Think welfare, not weight loss - Keeping the big picture of overall health and wellness in mind is important for fitness program sustainability. Since exercise is all about maintenance, it is important to focus on behavioral changes, and not just see the short term goals.

Those are some awesome tips! Now get going, set your goals, make a plan, be consisent, get moving, track your progress and have fun.

It's time to take ACTION & take care of business. Afterall, life is too short to spend it on the couch watching reality TV!


Tuesday, January 25, 2011

Jack LaLanne - The Godfather of Fitness

Yesterday, the health & fitness world lost a true icon whose been cracking the whip since the 1930's. Jack LaLanne's life on this earth expired at the young age of 96 due to complications from pneumonia.

Known in the fitness world as the "Godfather of Fitness", Jack performed multiple feats of strength and endurance. His first such stunt was an underwater swim the length of the Golden Gate Bridge, loaded with 140 pounds of equipment, in 1954. He went on to stage many attention-getting events, including completing over a thousand pushups in a little over 20 minutes, and towing 65 boats filled with thousands of pounds of wood pulp in Japan.

To honor Jack LaLanne and all he stood for to promote optimal health & wellness for all men, women & children, here's a link to a video that I posted back in April of last year - A Blast from the Past - Jack LaLanne.

Here's to you Jack and thank you immensely for all you have done to pave the way for all of us who follow in your footsteps.


Monday, January 10, 2011

Losing Fat & Gaining Muscle at the Same Time

Here's a question that one of my gym members asked me this morning.

Question: "Can I lose fat and gain muscle at the same time? "

Answer: The answer to this question really depends on your goals. For more advanced exercisers or bodybuilders looking to gain large amounts of muscle while losing large amounts of fat, those goals often conflict with one another. Building muscle requires eating more calories than you burn while losing fat requires eating fewer calories than you burn. When losing fat, your muscles aren't getting the fuel they need to grow larger.
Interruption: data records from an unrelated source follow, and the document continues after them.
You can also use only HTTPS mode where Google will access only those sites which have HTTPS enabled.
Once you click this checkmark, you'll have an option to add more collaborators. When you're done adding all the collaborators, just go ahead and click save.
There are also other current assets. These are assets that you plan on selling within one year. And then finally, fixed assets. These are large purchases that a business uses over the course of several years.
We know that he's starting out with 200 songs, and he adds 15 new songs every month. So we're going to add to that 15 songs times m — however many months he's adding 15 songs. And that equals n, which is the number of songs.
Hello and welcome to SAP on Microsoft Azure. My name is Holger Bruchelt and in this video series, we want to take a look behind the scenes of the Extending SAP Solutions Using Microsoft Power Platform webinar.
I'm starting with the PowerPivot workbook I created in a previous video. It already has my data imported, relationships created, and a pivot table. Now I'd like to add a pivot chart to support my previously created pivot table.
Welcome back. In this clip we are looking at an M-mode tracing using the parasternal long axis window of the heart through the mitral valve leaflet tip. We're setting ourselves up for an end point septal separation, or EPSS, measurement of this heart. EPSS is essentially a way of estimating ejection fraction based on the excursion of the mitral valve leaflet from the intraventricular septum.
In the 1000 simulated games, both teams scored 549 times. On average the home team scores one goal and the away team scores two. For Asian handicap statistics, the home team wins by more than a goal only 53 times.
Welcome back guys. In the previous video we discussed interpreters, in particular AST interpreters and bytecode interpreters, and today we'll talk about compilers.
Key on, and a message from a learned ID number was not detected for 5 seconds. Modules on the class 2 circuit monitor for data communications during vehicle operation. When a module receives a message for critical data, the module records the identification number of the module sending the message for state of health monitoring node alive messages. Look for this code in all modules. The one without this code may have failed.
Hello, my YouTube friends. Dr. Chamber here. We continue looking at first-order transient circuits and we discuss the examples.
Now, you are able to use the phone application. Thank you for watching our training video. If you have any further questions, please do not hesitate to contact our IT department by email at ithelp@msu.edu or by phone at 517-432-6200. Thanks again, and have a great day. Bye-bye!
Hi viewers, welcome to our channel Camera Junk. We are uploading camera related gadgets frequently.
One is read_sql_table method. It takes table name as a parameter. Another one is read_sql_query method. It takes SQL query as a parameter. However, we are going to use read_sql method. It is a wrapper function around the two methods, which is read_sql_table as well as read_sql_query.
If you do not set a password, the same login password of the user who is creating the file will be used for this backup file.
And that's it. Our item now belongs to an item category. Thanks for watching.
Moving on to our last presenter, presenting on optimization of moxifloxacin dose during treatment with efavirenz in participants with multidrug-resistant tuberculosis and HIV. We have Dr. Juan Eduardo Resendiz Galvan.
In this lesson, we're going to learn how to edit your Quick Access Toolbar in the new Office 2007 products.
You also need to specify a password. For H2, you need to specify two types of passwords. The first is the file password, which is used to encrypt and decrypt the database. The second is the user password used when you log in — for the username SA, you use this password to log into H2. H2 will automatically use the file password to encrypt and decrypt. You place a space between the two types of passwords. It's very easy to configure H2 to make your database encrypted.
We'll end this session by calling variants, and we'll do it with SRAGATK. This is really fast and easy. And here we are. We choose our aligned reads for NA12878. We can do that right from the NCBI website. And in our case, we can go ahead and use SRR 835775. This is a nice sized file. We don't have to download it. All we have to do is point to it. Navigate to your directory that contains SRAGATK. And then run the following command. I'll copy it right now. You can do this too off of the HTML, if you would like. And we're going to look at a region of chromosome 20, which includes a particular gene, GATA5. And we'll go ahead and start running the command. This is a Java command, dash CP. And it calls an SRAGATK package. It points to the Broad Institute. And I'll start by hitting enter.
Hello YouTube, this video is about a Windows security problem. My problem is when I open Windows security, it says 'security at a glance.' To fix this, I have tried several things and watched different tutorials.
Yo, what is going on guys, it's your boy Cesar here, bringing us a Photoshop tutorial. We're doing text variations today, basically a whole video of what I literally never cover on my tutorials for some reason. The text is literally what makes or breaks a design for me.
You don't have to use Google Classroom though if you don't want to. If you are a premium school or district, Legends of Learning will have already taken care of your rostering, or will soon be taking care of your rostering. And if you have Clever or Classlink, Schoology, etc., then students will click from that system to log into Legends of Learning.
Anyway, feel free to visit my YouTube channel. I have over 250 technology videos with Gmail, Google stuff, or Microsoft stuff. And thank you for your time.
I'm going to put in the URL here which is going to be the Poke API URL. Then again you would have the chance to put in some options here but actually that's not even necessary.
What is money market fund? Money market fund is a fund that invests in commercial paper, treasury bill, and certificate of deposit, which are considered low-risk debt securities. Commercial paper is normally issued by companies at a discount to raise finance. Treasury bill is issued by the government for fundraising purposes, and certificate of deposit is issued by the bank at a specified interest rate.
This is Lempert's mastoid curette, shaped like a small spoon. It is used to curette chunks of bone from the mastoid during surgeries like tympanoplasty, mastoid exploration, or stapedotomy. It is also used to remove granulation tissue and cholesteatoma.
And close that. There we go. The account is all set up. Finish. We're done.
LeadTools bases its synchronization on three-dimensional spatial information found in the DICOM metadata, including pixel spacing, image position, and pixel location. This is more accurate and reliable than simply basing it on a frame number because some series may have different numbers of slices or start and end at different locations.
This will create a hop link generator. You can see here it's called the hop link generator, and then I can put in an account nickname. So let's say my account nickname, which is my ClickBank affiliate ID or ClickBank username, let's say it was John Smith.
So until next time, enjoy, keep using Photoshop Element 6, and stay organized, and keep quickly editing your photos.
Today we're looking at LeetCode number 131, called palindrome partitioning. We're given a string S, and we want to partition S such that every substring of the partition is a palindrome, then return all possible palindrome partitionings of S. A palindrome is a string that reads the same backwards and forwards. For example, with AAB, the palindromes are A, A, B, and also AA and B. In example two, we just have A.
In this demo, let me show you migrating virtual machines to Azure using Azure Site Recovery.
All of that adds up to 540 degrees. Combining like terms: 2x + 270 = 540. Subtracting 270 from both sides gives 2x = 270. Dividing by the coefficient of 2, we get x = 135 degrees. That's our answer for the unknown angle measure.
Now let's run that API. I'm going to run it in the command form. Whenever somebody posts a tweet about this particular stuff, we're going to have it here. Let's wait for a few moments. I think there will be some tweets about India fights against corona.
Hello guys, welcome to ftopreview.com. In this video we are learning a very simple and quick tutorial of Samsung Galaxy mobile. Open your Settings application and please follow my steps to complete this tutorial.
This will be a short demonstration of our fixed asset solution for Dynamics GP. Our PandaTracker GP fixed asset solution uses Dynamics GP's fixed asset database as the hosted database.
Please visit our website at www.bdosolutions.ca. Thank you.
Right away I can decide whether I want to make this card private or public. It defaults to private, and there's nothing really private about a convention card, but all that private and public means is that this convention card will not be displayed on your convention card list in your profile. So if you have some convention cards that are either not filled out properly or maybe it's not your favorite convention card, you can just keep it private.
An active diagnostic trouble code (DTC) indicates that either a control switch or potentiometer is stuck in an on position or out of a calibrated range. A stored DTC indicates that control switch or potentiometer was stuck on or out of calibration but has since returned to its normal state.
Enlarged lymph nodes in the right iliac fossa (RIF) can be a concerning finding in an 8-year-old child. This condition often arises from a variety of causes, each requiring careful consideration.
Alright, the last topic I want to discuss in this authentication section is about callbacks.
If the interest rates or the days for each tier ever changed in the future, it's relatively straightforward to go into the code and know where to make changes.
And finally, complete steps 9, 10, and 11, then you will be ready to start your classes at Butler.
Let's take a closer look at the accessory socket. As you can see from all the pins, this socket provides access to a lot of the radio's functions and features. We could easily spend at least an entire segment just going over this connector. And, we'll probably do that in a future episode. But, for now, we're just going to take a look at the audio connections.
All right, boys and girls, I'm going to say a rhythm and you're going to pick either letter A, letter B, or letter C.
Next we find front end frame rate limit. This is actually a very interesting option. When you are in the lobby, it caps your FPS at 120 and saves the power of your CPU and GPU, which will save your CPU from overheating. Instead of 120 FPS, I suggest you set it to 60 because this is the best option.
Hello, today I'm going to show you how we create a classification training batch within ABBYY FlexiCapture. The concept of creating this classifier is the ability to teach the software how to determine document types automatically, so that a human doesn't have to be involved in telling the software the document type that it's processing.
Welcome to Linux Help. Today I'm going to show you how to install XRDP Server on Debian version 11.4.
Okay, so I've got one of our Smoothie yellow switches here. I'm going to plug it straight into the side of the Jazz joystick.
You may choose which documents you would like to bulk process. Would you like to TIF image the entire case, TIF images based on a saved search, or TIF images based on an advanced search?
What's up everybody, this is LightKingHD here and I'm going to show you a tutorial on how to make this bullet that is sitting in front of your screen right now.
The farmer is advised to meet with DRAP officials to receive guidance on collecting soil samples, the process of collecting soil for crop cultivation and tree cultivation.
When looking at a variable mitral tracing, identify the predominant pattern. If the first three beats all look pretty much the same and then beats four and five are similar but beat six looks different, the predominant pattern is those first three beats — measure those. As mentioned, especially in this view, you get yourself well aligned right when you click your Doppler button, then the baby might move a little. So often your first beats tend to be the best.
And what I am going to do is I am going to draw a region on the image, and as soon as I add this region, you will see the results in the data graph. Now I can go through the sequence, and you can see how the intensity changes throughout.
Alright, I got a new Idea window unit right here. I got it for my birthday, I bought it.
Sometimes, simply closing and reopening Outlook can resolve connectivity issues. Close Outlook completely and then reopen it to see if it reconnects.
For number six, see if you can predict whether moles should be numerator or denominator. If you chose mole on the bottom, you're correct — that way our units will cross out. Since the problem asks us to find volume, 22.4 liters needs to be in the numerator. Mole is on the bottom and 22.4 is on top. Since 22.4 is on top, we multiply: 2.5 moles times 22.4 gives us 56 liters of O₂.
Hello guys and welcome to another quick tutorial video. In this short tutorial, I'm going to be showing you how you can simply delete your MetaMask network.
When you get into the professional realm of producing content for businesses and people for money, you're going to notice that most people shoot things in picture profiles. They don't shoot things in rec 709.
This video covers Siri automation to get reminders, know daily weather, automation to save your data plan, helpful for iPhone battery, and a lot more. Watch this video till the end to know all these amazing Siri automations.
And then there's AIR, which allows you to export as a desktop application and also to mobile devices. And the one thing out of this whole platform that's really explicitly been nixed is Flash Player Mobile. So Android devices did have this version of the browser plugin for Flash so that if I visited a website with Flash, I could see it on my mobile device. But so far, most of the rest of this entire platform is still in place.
However, the average exerciser looking to improve body composition can lose fat while improving lean body tissue over time and beginners will likely get the greatest benefits of both fat loss and muscle gain. In fact, one study found that women who followed a cardio and strength program for 6 months lost an average of 10% body fat while increasing their muscle by about 2.2%, while another study showed that men experience similar improvements after following a 16-week strength training program. This shows that beginners respond quickly and efficiently to strength training and cardio.

The key is to keep a balance of both cardio and strength training, whether you're a beginner or a more experienced exerciser. Doing all cardio with no strength training can compromise your muscle mass, while doing only strength training without cardio can compromise your fat loss. If you're in that situation (e.g., a marathoner, endurance athlete or a bodybuilder), your goals and training approach may be different. For the average exerciser, however, having a balance between the two is the best way to maximize fat loss while preserving muscle mass.